Ultimately, whether or not we are angry, we are in a major recession and America cannot afford to let our auto industry fail.
The Argument
1. Letting auto companies go under would wreck the economy. The industry is in crisis: November auto sales figures released this week showed a 37 percent decline in sales—the lowest per capita vehicle sales in 50 years. [Advertising Age] The economy is in crisis: Friday (December 5), the Labor Department reported that America lost 533,000 jobs in November, the largest decline in 34 years. [Reuters] The non-partisan Center for Automotive Research estimates that if the Big Three automakers cut U.S. operations by 50 percent—which is conceivable if one or more go bankrupt—America could lose 2.5 million jobs in 2009. [Center for Automotive Research] Job losses would not be limited to employees of the Big Three.

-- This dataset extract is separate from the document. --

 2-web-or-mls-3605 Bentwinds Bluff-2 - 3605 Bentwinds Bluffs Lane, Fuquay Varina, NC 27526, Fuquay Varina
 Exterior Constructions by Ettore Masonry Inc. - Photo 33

Suppliers, dealers, and retailers in factory towns would also be hard-hit. Increased unemployment would result in more home foreclosures, more bad debt, and more bank failures, further straining both financial markets and social services programs. We can’t allow that to happen.
2. It’s cheaper to support the auto industry now than to pay the costs of failure. Obviously, $34 billion is a lot of money. But if automakers cut operations by 50 percent, that would cut personal income by about $125 billion in 2009 and $275 over three years which would directly cost the government $50 billion in 2009 taxes lost and $108 billion lost over three years. [Center for Automotive Research] This does not count the inevitable expense of bailing out more banks and insurance companies, and propping up more mortgages gone bad as a result of auto industry layoffs—which could cost the government trillions of dollars. Other countries understand the economics and are moving to support their companies in trouble.
3. This is a unique opportunity to promote energy independence and address global warming. Almost 45 percent of American oil production and importation is used to fuel cars and trucks. [Department of Energy] Autos are the source of more than one-fifth of the nation’s carbon dioxide emissions. [Environmental Defense Fund] So we have to modernize cars in order to solve the problems of dependence on foreign oil and climate change. This project will cost a lot in any case. The auto rescue package is an opportunity to fast-track important changes that America clearly needs.
4. The big problem is health care costs. Conservatives argue that U.S. automakers aren’t competitive with foreign companies because American auto workers are unionized. But foreign manufacturers are also unionized. And foreign auto companies, even Japanese companies that are usually held up as models, are facing sharp declines in sales. The big difference between those companies and ours is that other industrialized nations have universal health care—so their companies don’t have to pay those enormous costs. [Center for American Progress] One essential long-term solution for the auto industry is to enact an American plan for quality, affordable health care for all.
5. Bankruptcy wouldn’t restructure the industry, it would destroy it. Conservatives want auto companies to go bankrupt in order to strip union members of their pensions and health benefits. They think those companies could keep operating through a Chapter 11 bankruptcy and emerge as strong, reorganized manufacturers. But consumers will be much less likely to buy a car from a company in bankruptcy because cars are expected to last for many years, and ultimately they require replacement parts. If there is a risk that the company won’t be around in three or five years, it may be unwise to choose that company’s cars over a competitor’s. Bankruptcy isn’t a workable solution. [Reuters]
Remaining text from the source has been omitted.